Researchers at Palo Alto Networks’ Unit 42 have confirmed a new cloud storage attack technique that can redirect an organisation’s active data streams, including security logs and audit telemetry, into storage controlled by an attacker. The attack works across Google Cloud, AWS and Microsoft Azure. All three providers have been notified through responsible disclosure.
The technique is called bucket hijacking. No real-world threat actor has been observed using it yet. Researchers warn that detection would be extremely difficult once it is deployed.
How The Attack Works
The attack exploits a fundamental design principle of cloud storage: bucket names are globally unique. No two users can register an identical bucket name within a provider’s namespace. The destination of any data stream is determined by that name alone, not by the account that owns it.
An attacker who gains bucket deletion permissions executes the attack in three steps. First, they delete the target organisation’s active storage bucket. Second, they immediately recreate a new bucket using the identical name inside their own attacker-controlled account. Third, the original data stream, whether a Google Cloud logging sink, an AWS S3 replication rule or an Azure Monitor diagnostic export, continues operating as normal and begins writing data directly into the attacker’s bucket.
The attack then runs indefinitely on its own. The legitimate sink or replication configuration continues to appear valid when inspected. It generates no error states. It triggers no native alerts. Logs, metrics and sensitive telemetry flow silently into the attacker’s environment for as long as the hijack remains in place.
Confirmed Across All Three Major Providers
Unit 42 successfully simulated bucket hijacking across multiple services on each major cloud platform.

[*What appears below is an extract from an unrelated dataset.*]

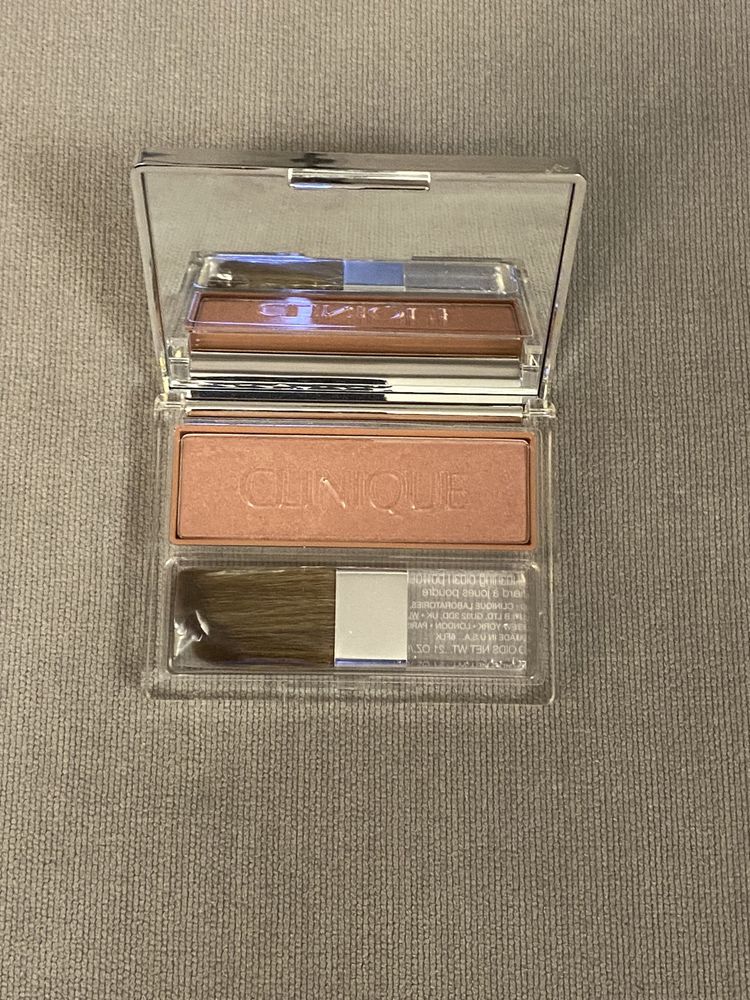 Clinique Róż Powder Blush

On Google Cloud, researchers confirmed the attack on Cloud Logging sinks, Pub/Sub subscriptions with Cloud Storage destinations and Storage Transfer Service jobs. The required permissions were storage.buckets.delete and storage.objects.delete. The standard Storage Admin role grants both by default, which means a large number of enterprise cloud administrators already have the permissions needed to execute or be exploited through this attack.

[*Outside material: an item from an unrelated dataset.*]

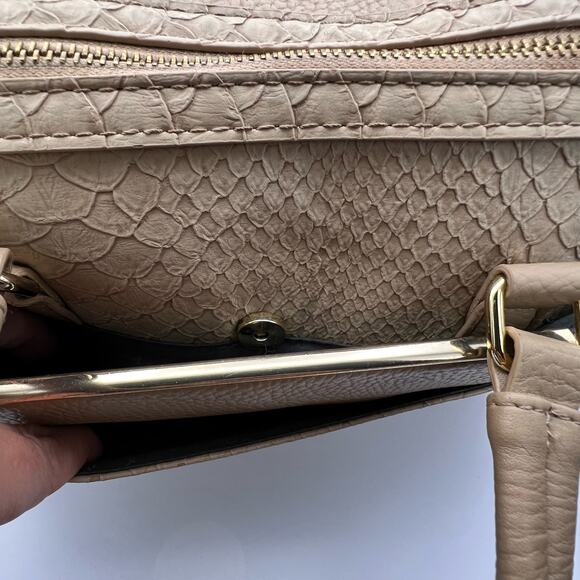 Olivia + Joy Animal Print Satchel Handbag Beige Gold Faux Leather Large Capacity - Picture 9 of 12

On AWS, researchers confirmed the technique on S3 bucket replication and Amazon Data Firehose pipelines targeting S3 destinations.
On Azure, the attack was demonstrated as a cross-subscription attack via Azure Monitor diagnostic settings, though it is currently limited to same-tenant scope due to platform-enforced name reuse delays.
Researchers highlighted a particularly concerning permission gap in Google Cloud. The standard Storage Admin role grants storage.buckets.delete by default, bypassing the more restrictive logging.sinks.update permission that would be required to legitimately reconfigure a data stream. This allows attackers to reroute data streams without ever touching stream configurations directly.
Why This Is Dangerous
Security and audit logs are the primary tool organisations use to detect intrusions. An attacker who redirects those logs to their own storage before a breach is discovered can erase the evidence trail entirely. The incident response team opens the logging console. Everything looks normal. The logs appear to be flowing. The attacker has simply been reading them first.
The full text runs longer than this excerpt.